**Brief:** For this exercise, copy exactly every line from the one holding "#acrylicnails #pinknails https://t.co/zIYrlPjM8T" through the end of the data, both included. Omit pictures.

(Supplied material Opens)

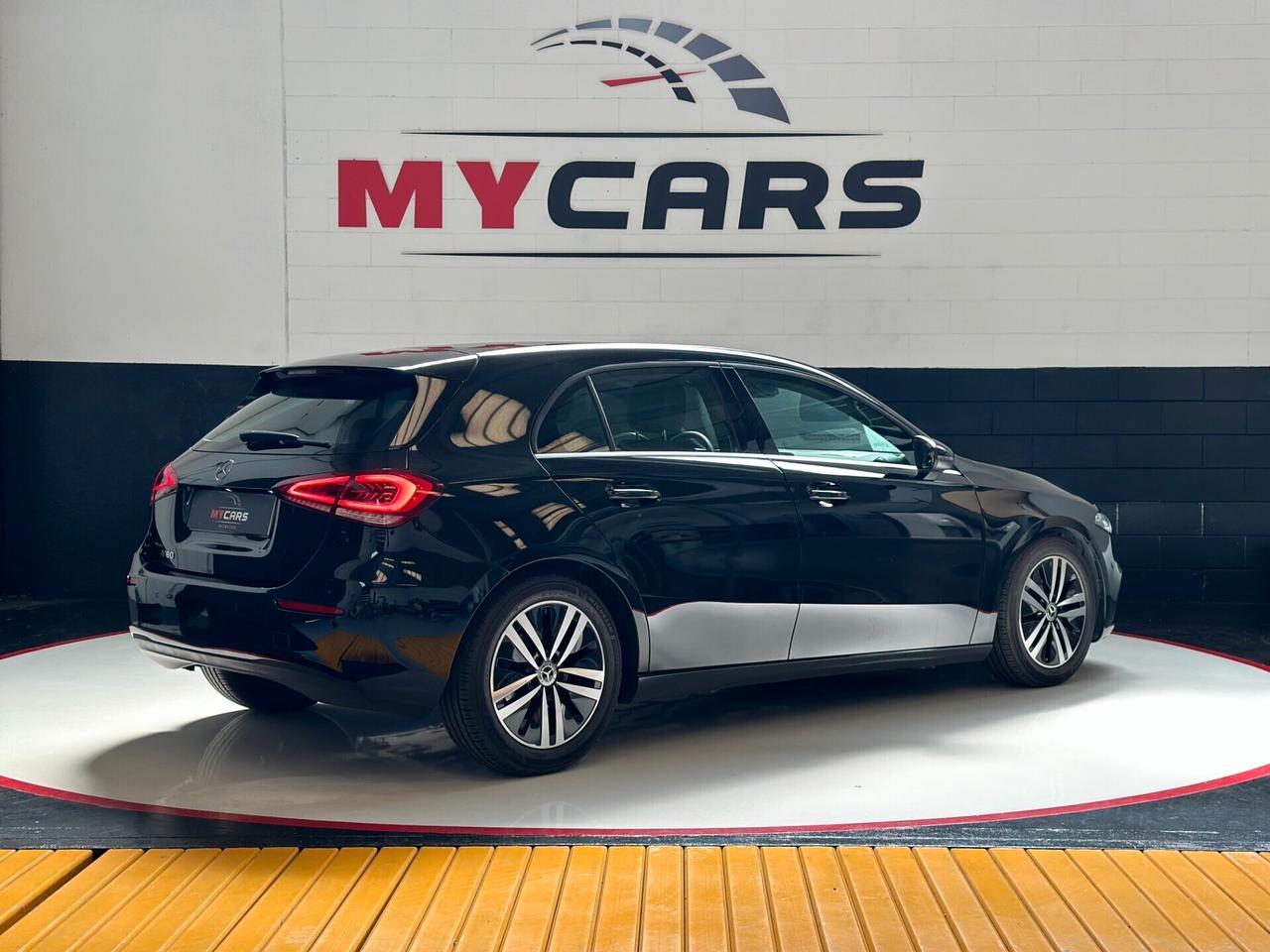 Mercedes-benz A 180 Automatic Premium
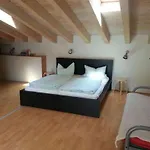 Moderne Studiowohnung Im Obergeschoss Mit Balkon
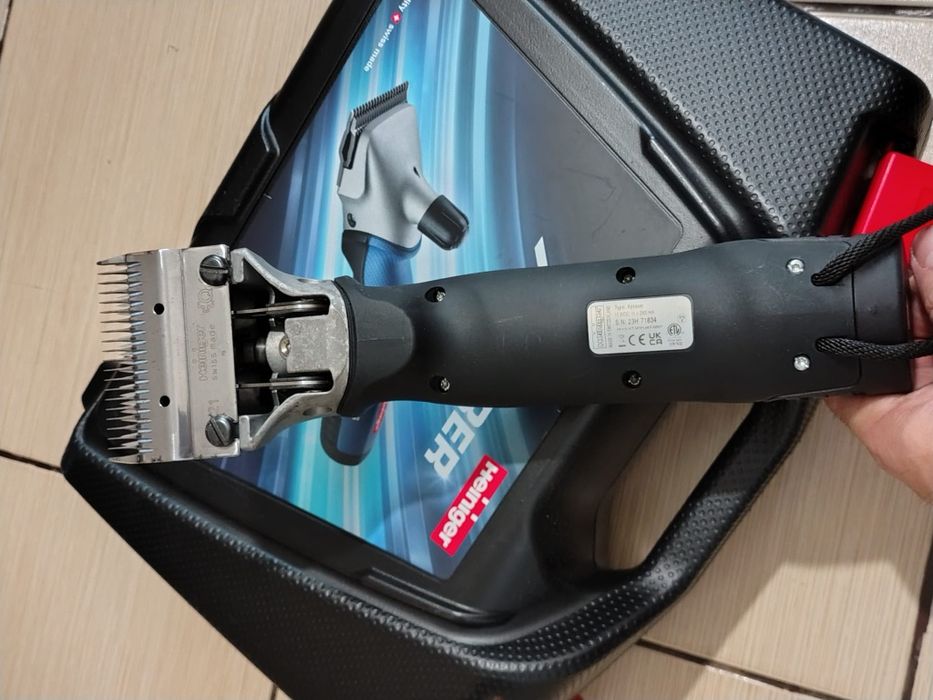 Masina de tuns vaci cai  Heiniger Xplorer cu acumulator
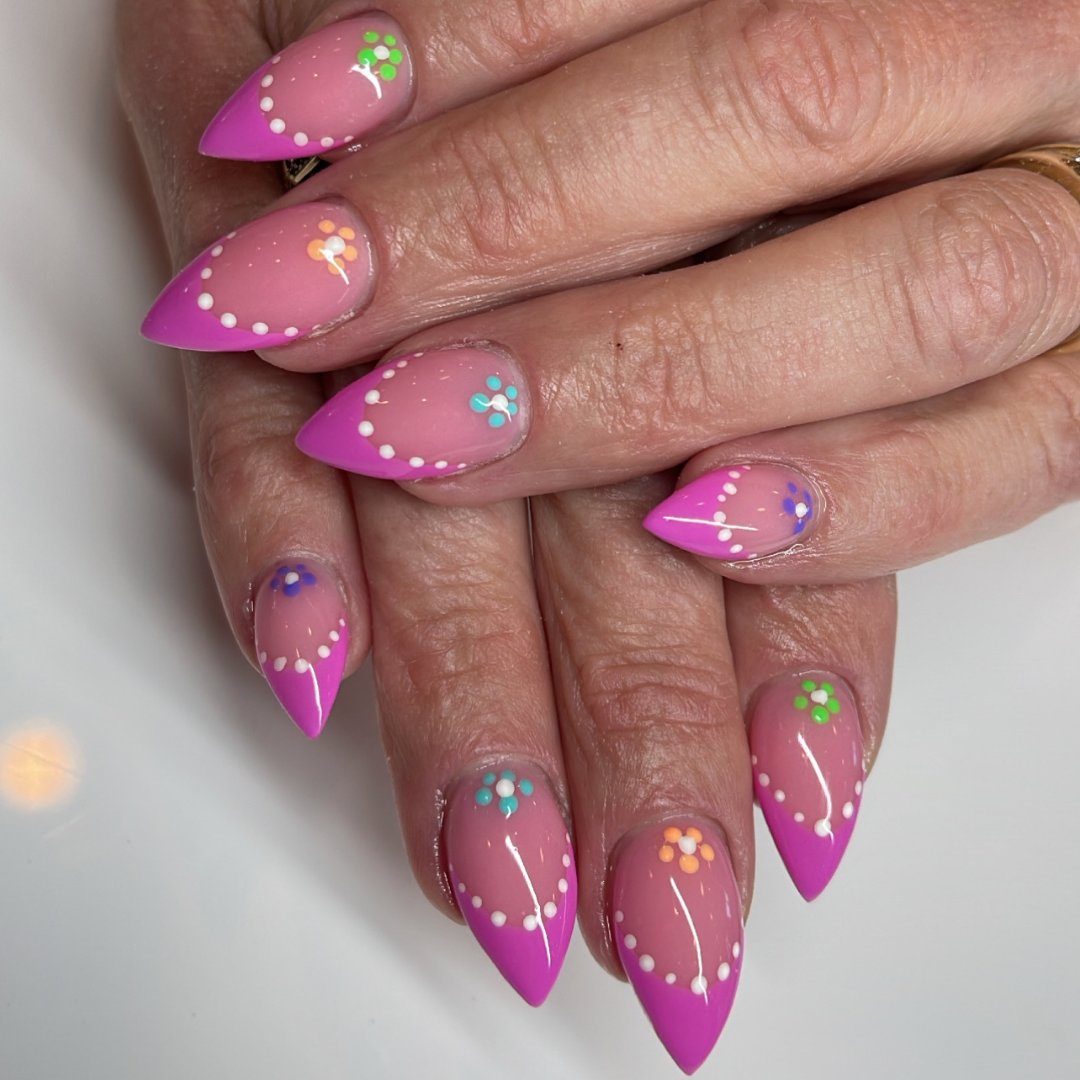 shapewith_teryn's tweet photo. Floral Power

Is it Spring yet?!

Raise your hand if you're EXCITED for TOMORROW?! 

#Nailsofinstagram  #nailsoftheday #2022nails #longnails #shortnails #acrylicnails #pinknails https://t.co/zIYrlPjM8T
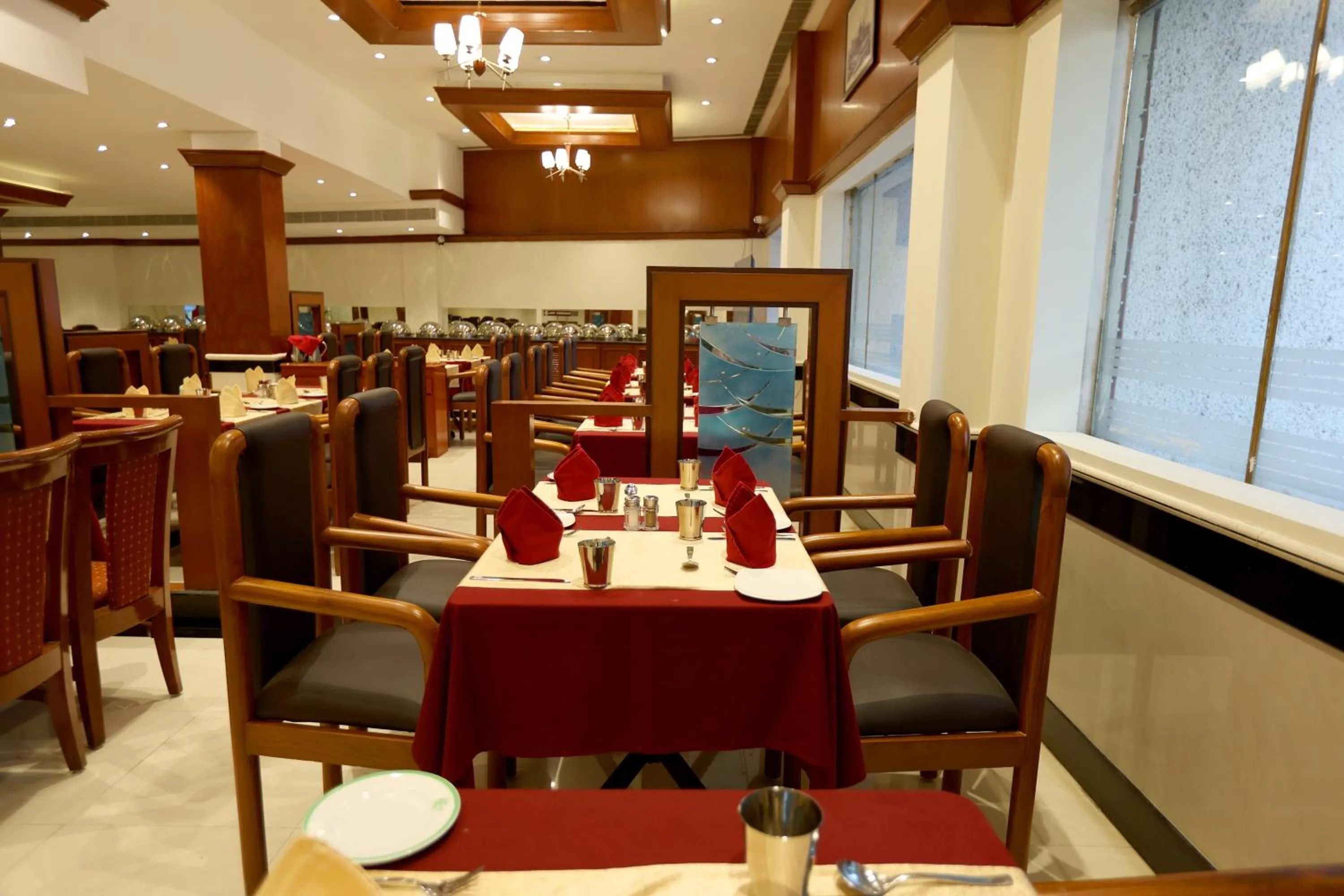 Restaurant/places to eat in Breeze Residency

(Supplied material Closes)

**Result of this task:**
#Nailsofinstagram  #nailsoftheday #2022nails #longnails #shortnails #acrylicnails #pinknails https://t.co/zIYrlPjM8T
 Restaurant/places to eat in Breeze Residency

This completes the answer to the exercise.